Good Valley Stories
Historias del buen valle- SPAIN, FRANCE / 2025 / Spanish / Color, B&W / DCP / 122 min
Director, Script, Editing: José Luis Guerin
Photography: Alicia Almiñana
Art Direction: Clara Serrano
Sound Design: Maximiliano Martínez
Music: Anahit Simonian
Producers: Javier Lafuente, Jonás Trueba, Gaëlle Jones, José Luis Guerin
World Sales: Shellac Films
In the Vallbona neighborhood, on the outskirts of Barcelona, families who moved here in the middle of the 20th Century co-exist with young generations of immigrants who have come from every corner of the world in recent years. Cut off from the surrounding area by motorways and railroads, left behind by development—here, people grow vegetables and flowers, sing and dance, and swim in waterways where it is forbidden. This film, shot over three years with the residents, layers and filters the shadows of various lives and histories through one another, all while resolutely depicting the circumstances of our ever-changing modern world.
[Director’s Statement] After some initial observational shoots in Super 8, I organized a casting as a way to approach the diverse human landscape of this outlying district at the transition between the rural and urban worlds. In those conversations I was told repeatedly that I had come too late, that the neighborhood’s story was already something of the past.

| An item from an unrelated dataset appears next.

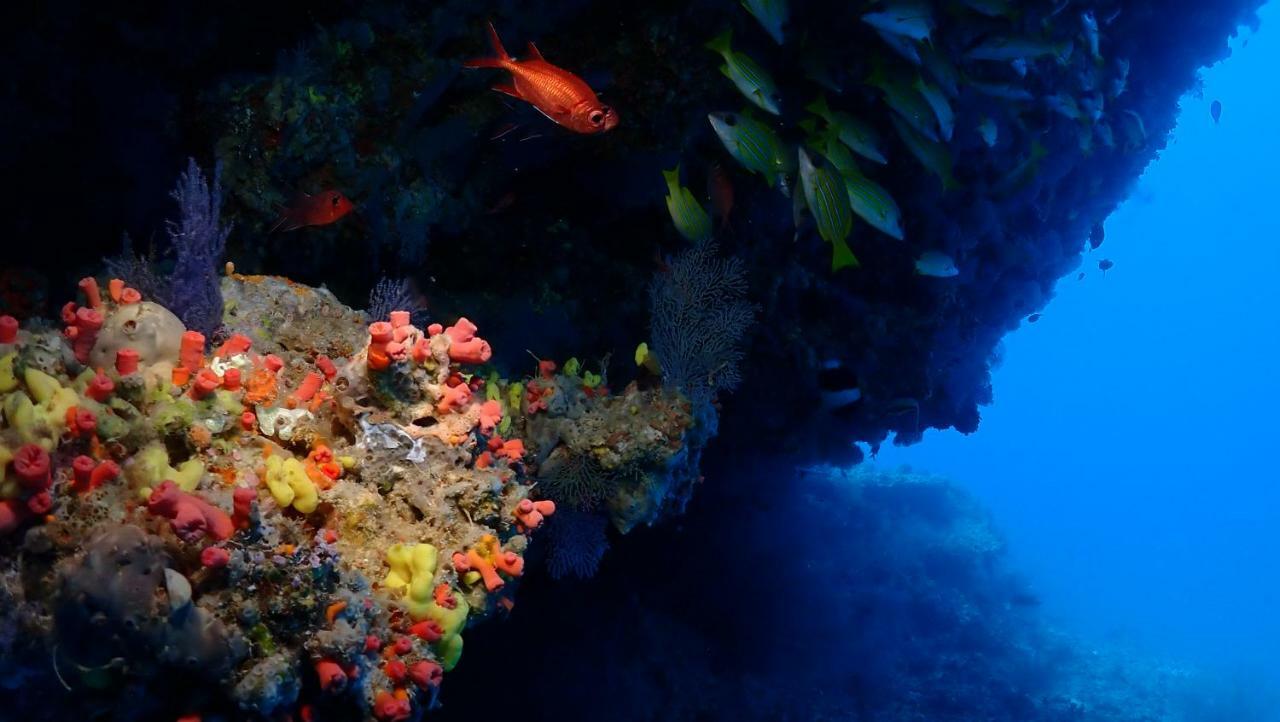 Boutique Beach All Inclusive Diving Hotel Dhigurah  Luaran gambar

Clearly they were referring to the epic when migrants were settling in these suburbs, building clandestinely, at night, the shacks that would form a spontaneous urban area totally devoid of any institutional planning. A history that, with slight variations, is repeated on the outskirts of large cities: clandestinity, flooding, struggles for water, electricity, sewage, schools, transportation . . .
I assumed that the lack of perspective with regard to the present prevented them from recognizing a possible relation with the Vallbona of the 21st century, a soundbox of the global village—there are as many as 12 languages in the film—.

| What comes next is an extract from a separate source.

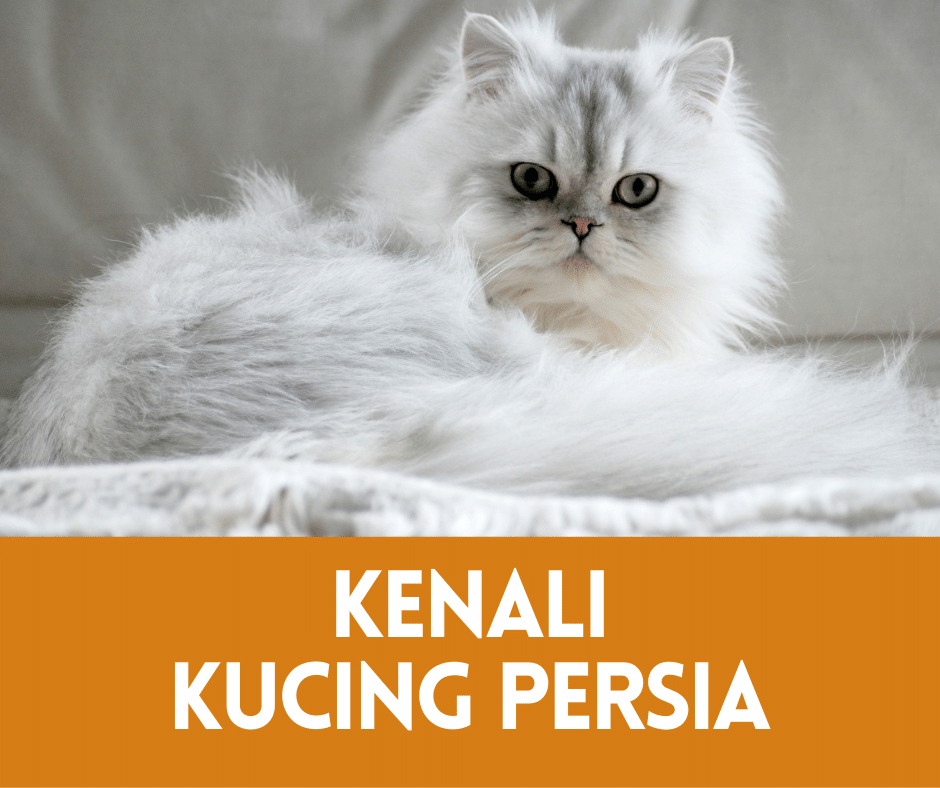 Jenis Kucing Persia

I needed to meet the looks that would give meaning to this landscape, still formless, under construction, and to see through their eyes: from the philosophies and suspicions of an ancestral pagesía, from the legacy of a grandfather in his village in India, from the drums of a Guinean river, from a dark Ukrainian wood . . . I had to convoke these collective imaginations in order to project a fair image, to overlap them with the physical landscape at hand, molding its identity in constant movement. An identity that is forever a work in progress.
José Luis Guerin
As a director and screenwriter, he has combined fiction and documentary, blurring the boundaries between the two genres. His films include Innisfree (1990), Train of Shadows (1997), Work in Progress (2001), In the City of Sylvia (2007), and The Academy of Muses (2015). He has presented his films at festivals such as Venice, Cannes, Berlin, and San Sebastián. He is perhaps one of the most critically acclaimed and popular Spanish filmmakers at international festivals.